小泉純一郎首相は28日夜、自民党が新憲法草案を決定したことについて「立
党50年の節目に多くの国民が関心を持ついい契機になる。自民党だけでなく
各党、国民の協力も得ながら進めなければならない。国民が議論し、どのよう
に実現していくか大きな課題だ」と述べ、憲法改正に向け国民の理解が不可欠
との認識を強調した。草案は戦争放棄を定めた9条1項を維持する一方で「自
衛軍」保持を明記し、首相の意向に沿う内容となった。首相は「2度と戦争し
ない。しかし自衛のための部隊は憲法違反と誤解されないようはっきり明記し
た方がいい」と強調した。

 

一部では自衛軍ではなく国防軍にしようとの動きもあるようだが、これは言葉
遊びの延長のようなものだろう。自衛「隊」が実質「軍」であるのだからあえ
国防軍などとする必要は無い。良く耳にする「戦争の出来る国になる」との
批判も、我が国のエネルギー事情を考えれば戦争を起こす=経済の破綻を意味
するわけで、先の大戦のようにジリ貧に追い込まれでもしない限り、領土的野
心をもって他国を、特に石油を始めとする資源の確保に動くわけも無い。
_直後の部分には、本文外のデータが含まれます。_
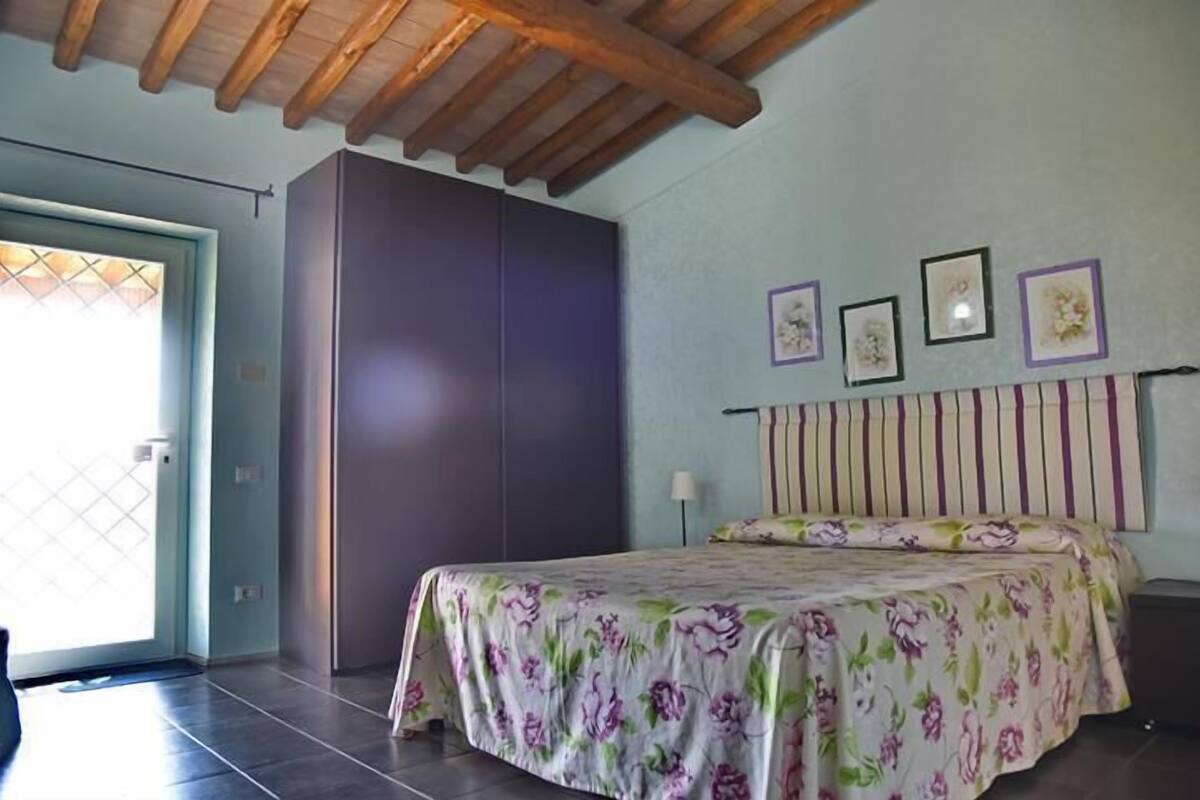 A bedroom with a bed, a wardrobe, and a door.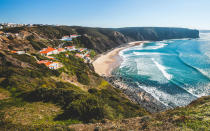 <p>The beaches of Portugal are long and varied. Rugged rocky bluffs border <a rel="nofollow noopener" href="https://www.tripadvisor.com/Attraction_Review-g1673801-d3860356-Reviews-Praia_da_Adraga-Sintra_Municipality_Lisbon_District_Central_Portugal.html" target="_blank" data-ylk="slk:Praia de Adraga;elm:context_link;itc:0;sec:content-canvas" class="link ">Praia de Adraga</a>, a 45-minute trip from Lisbon, while <a rel="nofollow noopener" href="https://www.tripadvisor.com/Attraction_Review-g660495-d2578100-Reviews-Comporta_Beach-Grandola_Setubal_District_Alentejo.html" target="_blank" data-ylk="slk:Comporta;elm:context_link;itc:0;sec:content-canvas" class="link ">Comporta</a> is a chic resort town reminiscent of the Hamptons. If that's not up to your speed, head three hours south to Salema, a quiet fishing village tucked into a cliffside along the Algarve Coast. Here, it's all about the whitewashed houses, local markets and seductive, drowsy rhythm.</p> <p><strong>Related:</strong> <a rel="nofollow noopener" href="http://www.jetsetter.com/feature/most-affordable-european-vacations?nm=magazine" target="_blank" data-ylk="slk:6 Most Affordable Cities in Europe;elm:context_link;itc:0;sec:content-canvas" class="link ">6 Most Affordable Cities in Europe</a></p>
安定
的に資源の輸入が出来るほどシーレーンを護る手段も無く、戦争をしようにも
資源をはじめ食糧も他国に依存している我が国にとって、わざわざ戦争をして
まで得るものは少ないだろう。

 

第一、何処の国と戦うことになると批判する方々は想定しておられるのであろ
うか。中国なのか北朝鮮なのか、漠然と「軍靴の音が近付いてくる」などと言
われたところでまったく意味の無い与太話として聞き流してしまう。実質、軍
隊であるのに軍隊として認められない、自衛隊員は本当に気の毒な存在だ。だ
が今こうして、新憲法自衛軍と明記されることが案ではあるが出てきている。
かつてならこれだけで、大問題かのようにマスコミが大騒ぎしたことであろう
が、国民は冷静に受け止めている。9条に関しては自衛隊を実情に合わす、た
だそれだけのことではないか。いちいち騒ぐことではない。